Middle Creek jumps a hoop | VailDaily.com

Middle Creek jumps a hoop

Don Rogers

Hey, it only took a year or so to reach this point, in what opponents like to paint as a “short cut.”

We note the objections to this much-needed affordable housing plan have picked up little in the logic department. Among the arguments against the project launched Monday: which part of Italy the design borrows from on the north side of the freeway, where there is no distinctive style for six long miles; and the lack of “relationship” to that horrid microwave tower’s design (thank the heavens for that much). Never mind that’s a concern for the Design Review Board and not the Planning and Environmental Commission. What’s next, a return of the rock-fall threat for the design board’s consideration?

Shortcut, indeed. Try obfuscation. Seen through the “build low and out; no, high and tight” looking glass, along with the Queen of Hearts nature of the Vail gristmill over the past year with this proposal, “shortcut” fully des-erves those quote marks. Our view is that the PEC and DRB have actually been remarkably patient with the myriad exaggerated sins of this project, and diligent about putting the developer through his paces to reach the right construction and environmental standards.

We’re looking forward to more similarly sensible decisions. And the day when the naysayers move on to some other dire worries about progress, quite forgetting about the evils that were sure to come with the Commons, the logging trucks, Ford Amphitheater, Dobson Arena, roundabouts and even the ice bubble – none of which proved true.

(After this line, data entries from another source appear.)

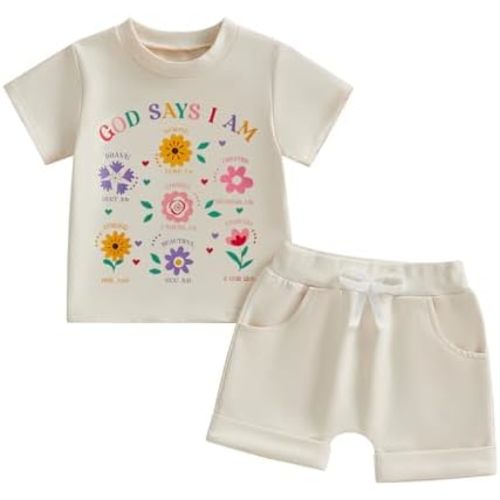 Baby Girl Letter T-shirt Cotton Shorts 2PCS Clothes Set God Says I am Floral Tee Tops Infant Toddler Summer Outfit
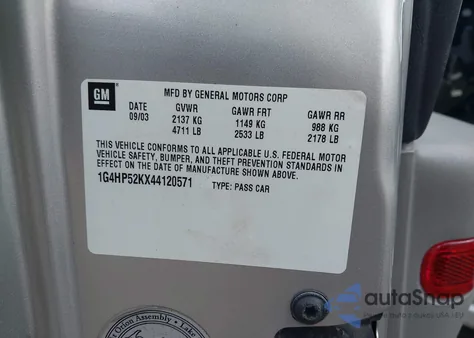 2004 Buick Lesabre Custom from USA, damaged, VIN 1G4HP52KX44120571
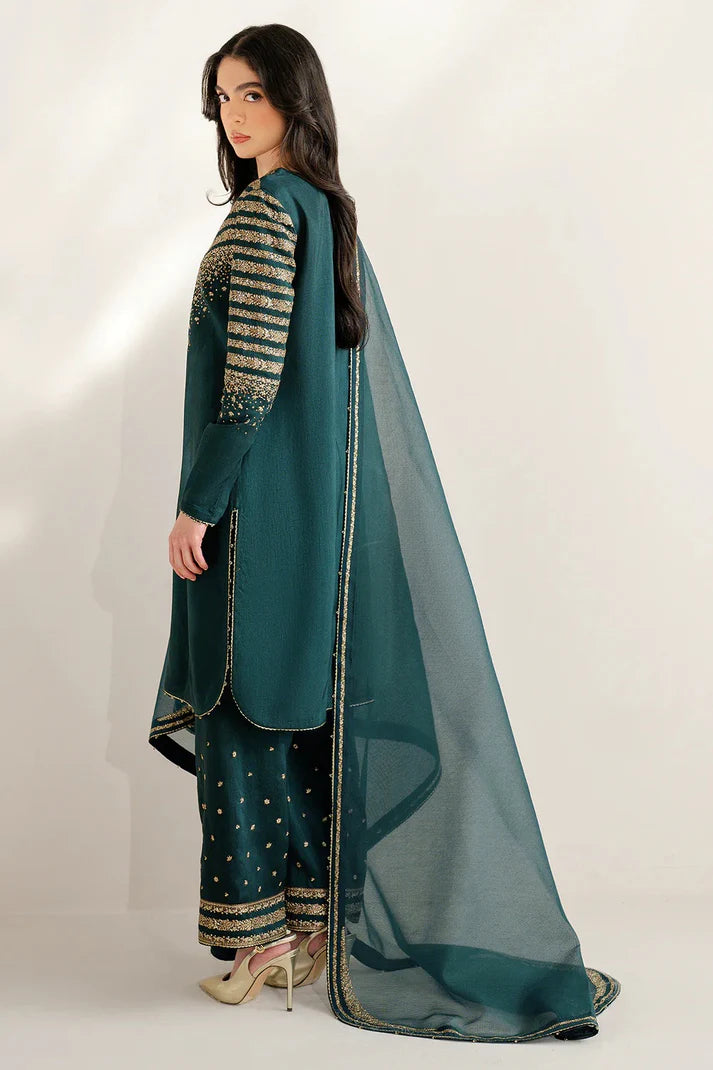 Emerald Majesty: Gold Zari Embroidered Kurta Set | Ready To Wear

Still, the Middle Creek developer has a couple of big hoops left to try to jump through. The DRB will pass judgment, and there’s the main show: the Town Council itself.

The project is objectively needed, considering the tightness of the rental market in the long term, using statistics somewhat more empirical than counting classifieds for the entire valley in August or September.

Town leaders could have tucked it more out of sight, and that might be a weakness, though not a crippling one. This is a great time to take advantage of lower interest and building costs. And flawed as critics view the project, we believe it would be a big, big step in the right direction for Vail as a community at the cusp of regenerating itself.

We can only hope the Town Council members are as sensible as the PEC and move this proposal to fruition. It’s time to be stepping forward and doing, rather than following that typical downcycle of communities in decline, finding more reasons to stagnate in fear than to act proactively to address a problem as our pioneers were just brave enough to do.